• **Directions**:
Transcribe all the entries word for word, omitting any pictures they contain.

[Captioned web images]
##############################
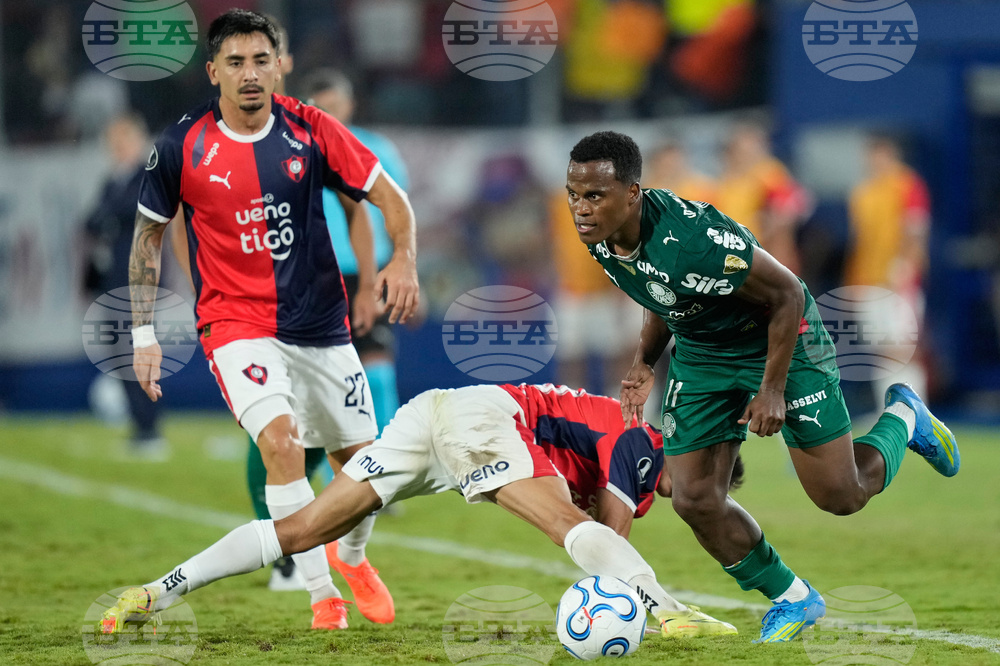Paraguay Brazil Copa Libertadores Soccer
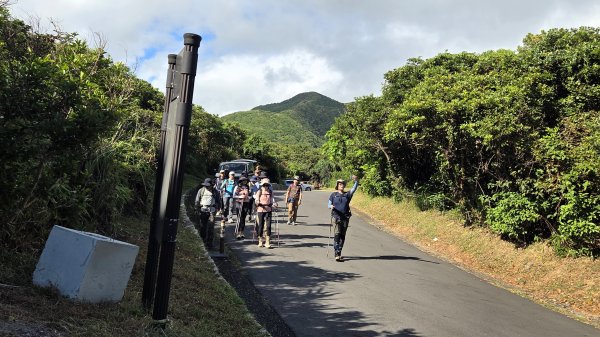 夏季的黃金十稜接九稜下門牙稜C型(草長路荒慎行)2880675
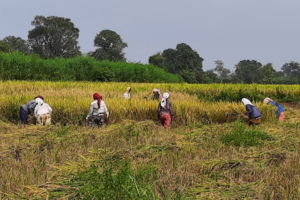 Agroforestry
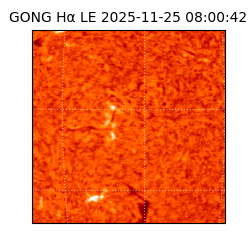 gong - 2025-11-25T08:00:42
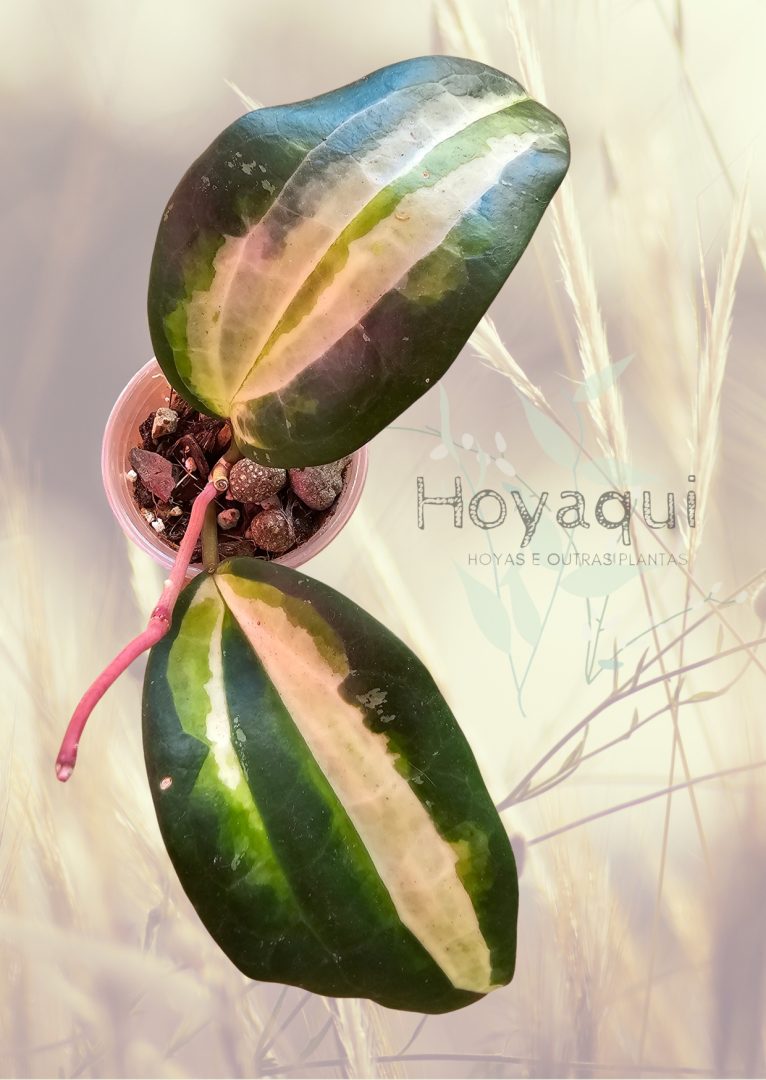 Hoya latifolia inner var sp Jabar Hoya latifolia inner var sp Jabar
##############################
• **Response**:
Paraguay Brazil Copa Libertadores Soccer
 夏季的黃金十稜接九稜下門牙稜C型(草長路荒慎行)2880675
 Agroforestry
 gong - 2025-11-25T08:00:42
 Hoya latifolia inner var sp Jabar Hoya latifolia inner var sp Jabar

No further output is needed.